Sitting outside John's home, allowing one song to end, another to begin, she realized she was considering, carefully, what she wanted to find when she went in side.

Years earlier she had learned that most anxiety could be controlled with a certain amount of controlled visualization: picturing the road she would drive down, what she would wear, how well an event would go.

But somewhere along the way she had begun to sink into a kind of trance when her nerves were high, inadvertently shifting between possible scenarious, envisioning these options involuntarily, like flipping through a catalogue,  one scheme after another until the right one fit.

When she realized what she as doing it struck her was how ludicrous it was. This was her boyfriends house, this was a place of comfort and joy, of spontaneity and fulfiment.  Why was she preparing herself so intently for every interaction.

And when she realized the answer to that question she was even more taken aback: she was preparing herself to find John:  sad. She was preparing herself to find John forlorn, or annoyed at her presence. She was preparing herself to find him, taken off guard, and unhappy to see her.

After months of dating she had still never walked in the house and had him be anything other than welcoming, loving, voracious and involved.  And this made her suspicious.

Because she knew, somewhere, inside, that John was sad.
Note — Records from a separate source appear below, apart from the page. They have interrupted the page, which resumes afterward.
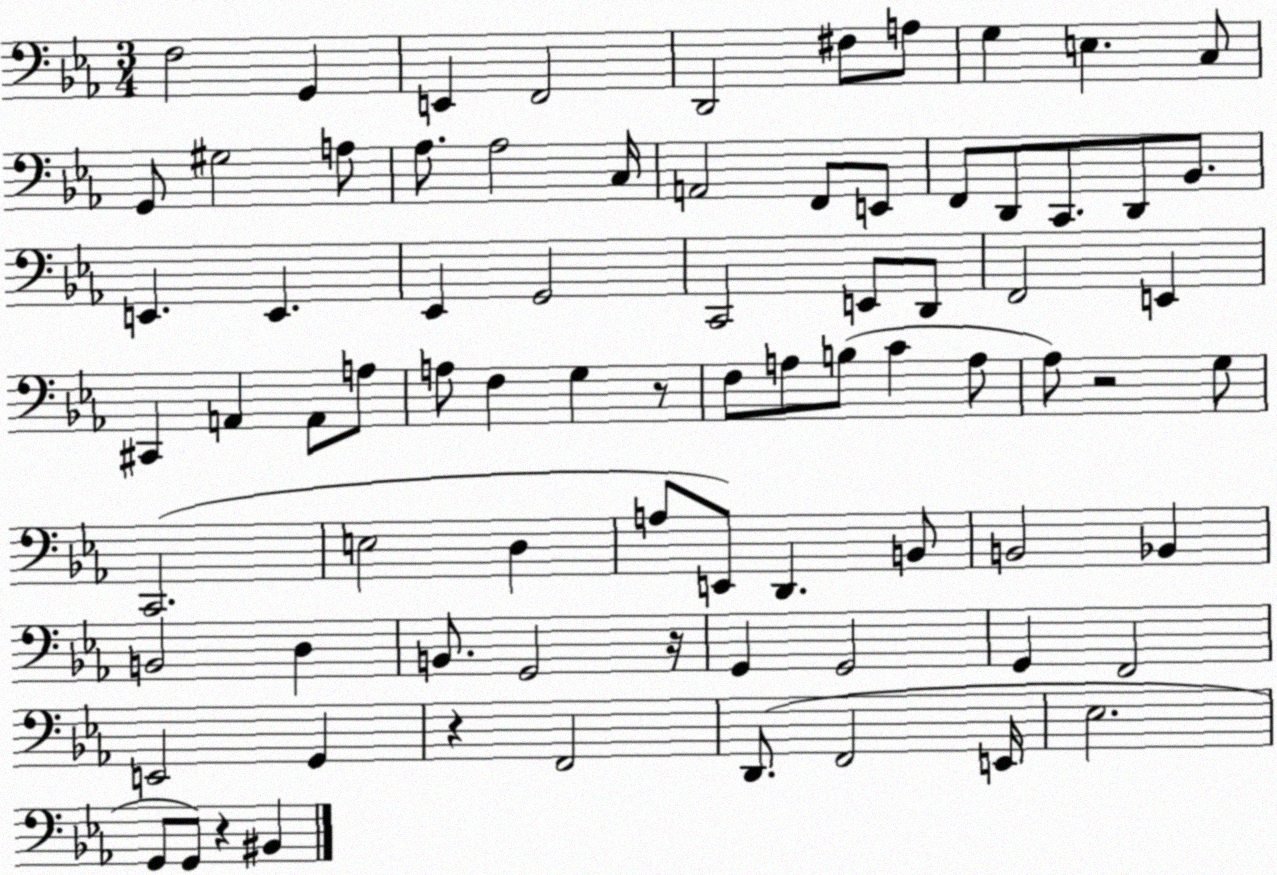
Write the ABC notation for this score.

X:1
T:Untitled
M:3/4
L:1/4
K:Eb
F,2 G,, E,, F,,2 D,,2 ^F,/2 A,/2 G, E, C,/2 G,,/2 ^G,2 A,/2 _A,/2 _A,2 C,/4 A,,2 F,,/2 E,,/2 F,,/2 D,,/2 C,,/2 D,,/2 _B,,/2 E,, E,, _E,, G,,2 C,,2 E,,/2 D,,/2 F,,2 E,, ^C,, A,, A,,/2 A,/2 A,/2 F, G, z/2 F,/2 A,/2 B,/2 C A,/2 _A,/2 z2 G,/2 C,,2 E,2 D, A,/2 E,,/2 D,, B,,/2 B,,2 _B,, B,,2 D, B,,/2 G,,2 z/4 G,, G,,2 G,, F,,2 E,,2 G,, z F,,2 D,,/2 F,,2 E,,/4 _E,2 G,,/2 G,,/2 z ^B,,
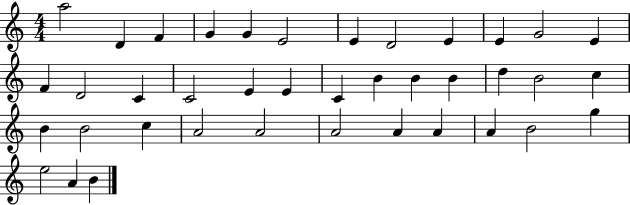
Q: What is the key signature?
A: C major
Not just sad, but heart broken. She knew there was a distant part of him living elsewhere, and the fact that this was so removed, so very privately guarded, frankly, gave her the willies. It was creepy and offputting, in the most private of moments.

But not as creepy as sneaking around the house, which she found herself doing the other day, peering in windows, hoping to see...what? John in tears. John looking at old pictures? John masturbating to pictures of his ex wife?
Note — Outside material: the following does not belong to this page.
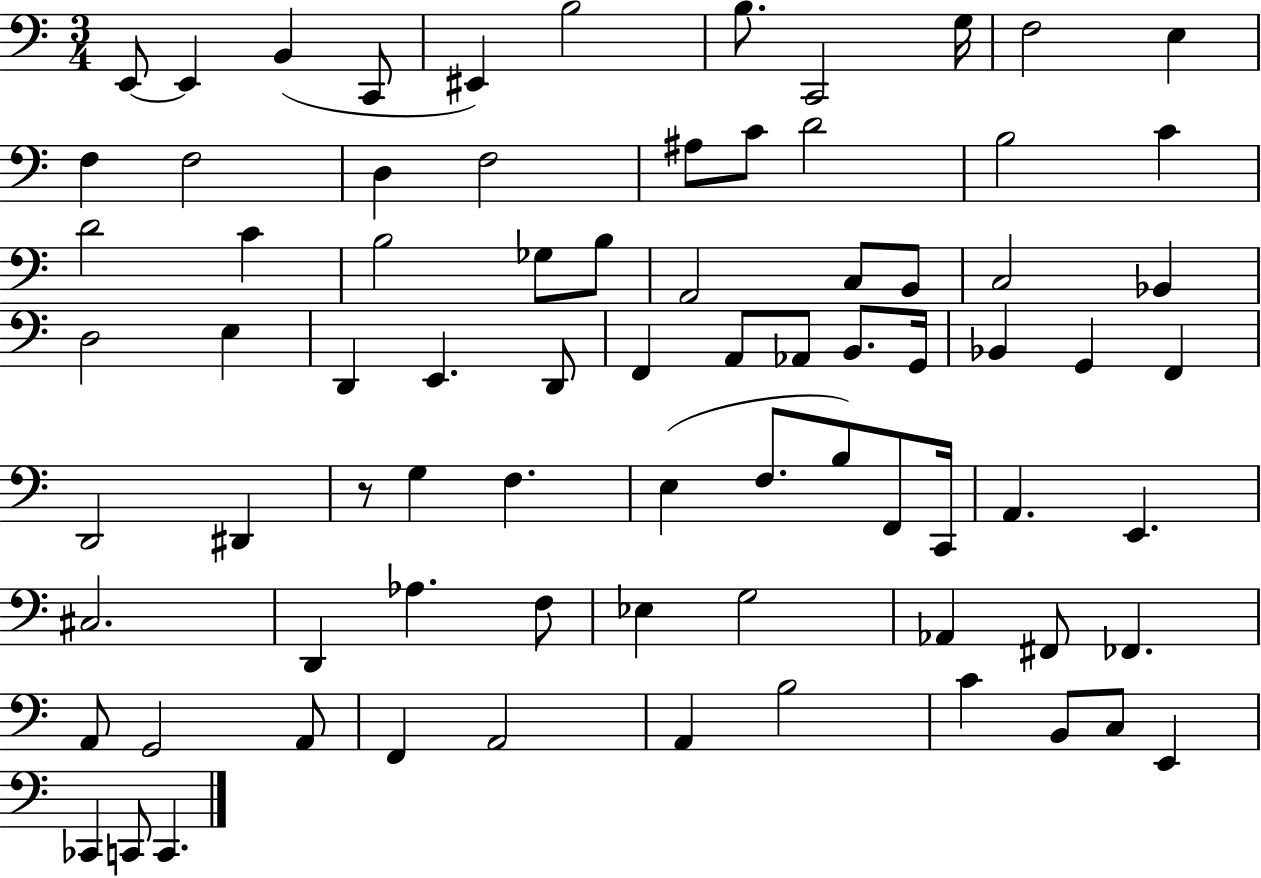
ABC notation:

She had no idea what she hoped to find but by the time she got truly close enough to a window to really peer in she'd realized what she was doing, backed out, and come to the front door.

And now, although she resisted the idea, she knew she was about to do that again, and no amount of meditation, no amount of reconfiguring her reality would stop her.

So quietly she crept around the house, peering in one window after another, until a voice startled her:
If this is some sort of sex game I'll leave, but otherwise you better tell me what you are doing.

Crap. Max.

Max was smiling but you could tell he wasn't entirely convinced that she was up to harmless fun.

Umm, I am locked out. locked out. Just looking for an open window.

Damnit, she wised she were smarter. She probably could have just winked at him and alluded to something dirty but instead she sounded guilty as hell.

And to make things weirder, Max had a key.  And John was late.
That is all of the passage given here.